« La crise, un accélérateur de prise de conscience » – Interview de Cyrille Moreau
Transport en commun, vélo, auto-partage, co-voiturage… la métropole de Rouen accélère sa mutation en pleine crise de la Covid-19 pour répondre au mieux aux nouvelles pratiques des Rouannais et notamment aux plus fragiles. Détails avec le vice-président en charge de la mobilité, Cyrille Moreau.
Est-ce qu’un an de crise sanitaire a rebattu les cartes en matière de transport dans la métropole de Rouen ?
Cyrille Moreau. La crise sanitaire a été un accélérateur de prise de conscience qui a fait émerger de nouvelles aspirations des populations en matière de mobilité. Mais c’est avant tout, les enjeux climatiques qui ont rebattu les cartes.
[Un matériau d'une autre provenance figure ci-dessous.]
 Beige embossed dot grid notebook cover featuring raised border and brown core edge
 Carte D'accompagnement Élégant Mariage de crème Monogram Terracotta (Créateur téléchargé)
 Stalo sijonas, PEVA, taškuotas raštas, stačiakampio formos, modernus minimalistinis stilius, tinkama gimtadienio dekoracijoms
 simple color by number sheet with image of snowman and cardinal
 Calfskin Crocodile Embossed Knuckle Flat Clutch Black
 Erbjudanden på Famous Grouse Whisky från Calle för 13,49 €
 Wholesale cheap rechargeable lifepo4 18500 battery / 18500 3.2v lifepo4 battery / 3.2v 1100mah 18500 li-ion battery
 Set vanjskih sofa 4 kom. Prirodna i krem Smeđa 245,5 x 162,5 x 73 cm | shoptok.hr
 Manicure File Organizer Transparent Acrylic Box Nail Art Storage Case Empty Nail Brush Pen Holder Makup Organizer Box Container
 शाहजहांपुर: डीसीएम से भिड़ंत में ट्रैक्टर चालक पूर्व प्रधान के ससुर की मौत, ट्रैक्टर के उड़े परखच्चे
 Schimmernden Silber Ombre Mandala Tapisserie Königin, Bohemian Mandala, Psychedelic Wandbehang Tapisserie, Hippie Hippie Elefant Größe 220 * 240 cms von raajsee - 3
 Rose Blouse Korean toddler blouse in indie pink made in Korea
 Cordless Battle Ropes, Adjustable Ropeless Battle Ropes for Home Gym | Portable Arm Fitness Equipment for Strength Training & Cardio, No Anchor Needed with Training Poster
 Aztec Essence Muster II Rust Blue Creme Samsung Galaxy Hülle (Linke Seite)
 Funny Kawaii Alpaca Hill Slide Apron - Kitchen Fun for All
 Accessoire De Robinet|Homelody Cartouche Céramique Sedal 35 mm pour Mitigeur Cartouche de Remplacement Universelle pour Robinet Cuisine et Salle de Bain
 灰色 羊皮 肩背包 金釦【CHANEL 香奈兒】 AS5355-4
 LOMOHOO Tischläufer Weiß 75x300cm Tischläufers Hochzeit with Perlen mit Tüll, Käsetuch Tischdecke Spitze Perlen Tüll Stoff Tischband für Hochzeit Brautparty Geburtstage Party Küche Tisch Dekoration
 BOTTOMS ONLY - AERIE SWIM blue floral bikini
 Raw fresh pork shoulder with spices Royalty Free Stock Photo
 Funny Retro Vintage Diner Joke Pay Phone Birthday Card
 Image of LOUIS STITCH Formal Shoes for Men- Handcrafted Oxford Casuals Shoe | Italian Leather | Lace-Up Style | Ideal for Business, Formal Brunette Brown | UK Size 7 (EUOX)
Plus simplement, la pandémie a joué le rôle d’accélérateur d’une révolution déjà en marche. L’exemple type est celui du vélo. Concrètement sur le territoire de Rouen, nous avons un avant et après pandémie. Aujourd’hui, circulent sur les pistes des populations que l’on ne croisait pas avant la crise de la Covid. Clairement, la pandémie a fait s’interroger les Rouennais sur leur mobilité et les a amenés à bouleverser leurs modes de déplacement. De grandes tendances se dégagent aujourd’hui : d’abord, la part de la voiture (en nombre de véhicules jour) se stabilise du fait du télétravail. Ensuite, comme partout en France, on constate une baisse de la pratique des transports en commun, qui atteint -20 % en moyenne sur la période alors que la pratique du vélo explose avec un bond de 30 %. Et à ma grande surprise, le co-voiturage, que nous avons expérimenté remporte un franc succès.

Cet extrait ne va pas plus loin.